The battle of the sex differences

Jon Sutton interviews Cordelia Fine about neurosexism and more.

11 November 2010

For anyone who thought that the battle of the sexes was over, that any gender inequalities remaining are innate and pretty inevitable, your new book Delusions of Gender is pretty uncomfortable reading. Everything's not fine. 
As long as there has been brain science there have been – in retrospect – misguided neurological explanations and justifications of sex inequality. Again and again, these hypotheses eventually find themselves hurled on the scientific scrap heap. But not before they become part of cultural lore, and reinforce social attitudes about men and women in ways that hinder progress towards greater sex equality. It's still happening. I think that in 50 years' time we will look back on these early 21st-century debates and claims with the same shocked bemusement with which we now view suggestions that women's spinal cord and brain stem characteristics leave them ill-equipped for voting.  

To be clear from the start though, you're not denying that there are sex differences in the brain; or that there are also large sex differences in who does what; or that they could be connected.
That's right. And it's possible that our increasingly sophisticated and powerful neuroimaging techniques might reveal other, more subtle, differences. But drawing a link between brain differences and psychological or social differences between the sexes is no easy task. This is partly because those gender gaps can close or even disappear depending on social context, place and historical period. But also, we are still at the beginning of the journey of understanding how the brain enables the mind. Even if we assume that a sex difference in the brain is reliable – generally not a safe assumption to make – what does it mean? The sheer complexity of the brain, together with our assumptions about gender, lend themselves beautifully to over-interpretation and precipitous conclusions.

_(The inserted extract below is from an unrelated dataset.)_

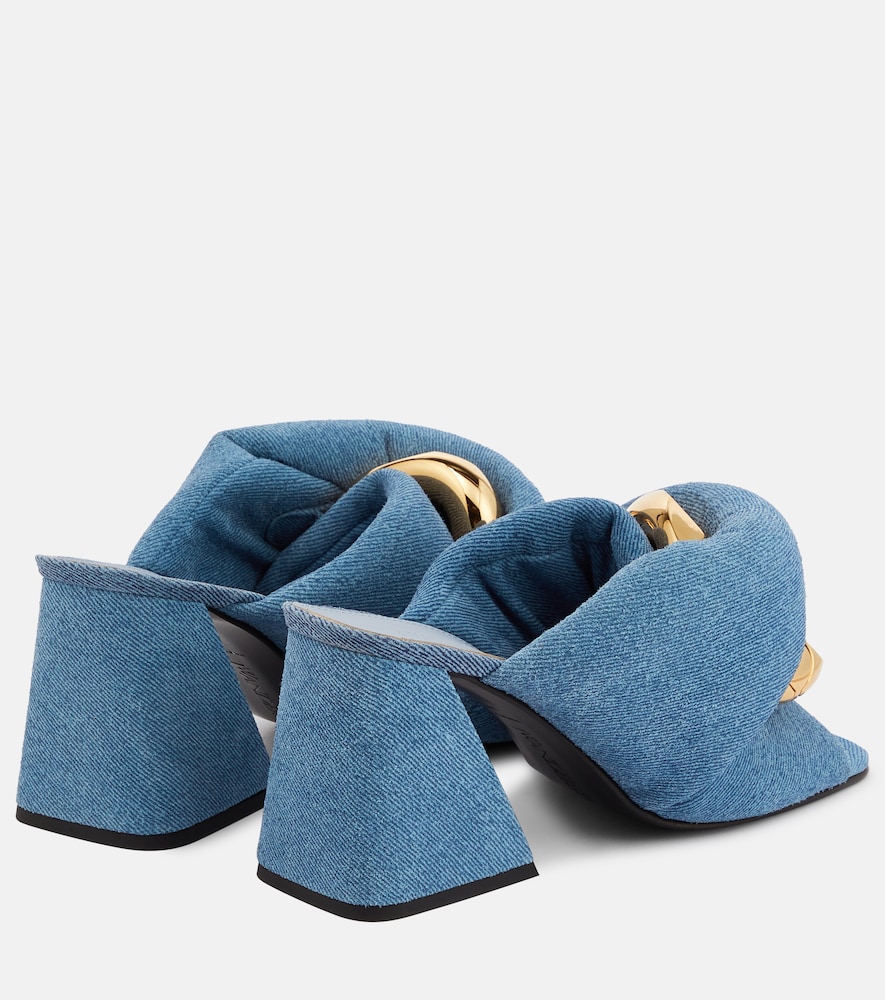 Chain and twist denim mules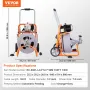 Drain Cleaner Machine 100FT x 1/2 Inch, Auto Feed Sewer Snake Drain Auger on Wheels, Portable Drain Cleaning Machine with 8 Cutt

One couple we encounter in your book get what they consider 'marriage saving' information from a brain scan, marvelling: 'It's hard to argue with an MRI'. Harmless placebo?
I don't think it's a harmless placebo when you have an apparently authoritative author claiming that working mothers suffer from 'overloaded brain circuits' and that only when 'the children leave home, the mommy brain circuits are finally free to be applied to new ambitions, new thoughts, new ideas.' Last year Naomi Wolf wrote an opinion piece that reported, without any apparent scepticism, Michael Gurian's suggestion that men are neurally less capable of seeing dust or laundry piling up. When a leading spokeswoman for the third-wave feminist movement falls for neurosexism, we have to start to worry.  
Perhaps even more worrying is the way commentators draw on findings of sex differences in the brain to 'inform' educational practices. There are lots of good scientific reasons to worry about whether any one finding of a sex difference in the brain will withstand the tests of time, of bigger samples, and of better methodologies. Yet commentators will recommend educational strategies on the basis of what is very likely a spurious difference. Then, of course, we're a long way from being able to translate brain differences – a slightly bigger bit of the brain here, or a bit more neural activity there – into educational strategies. This is where gender stereotypes come in handy – and now you've got just about everything you need for a self-fulfilling prophecy.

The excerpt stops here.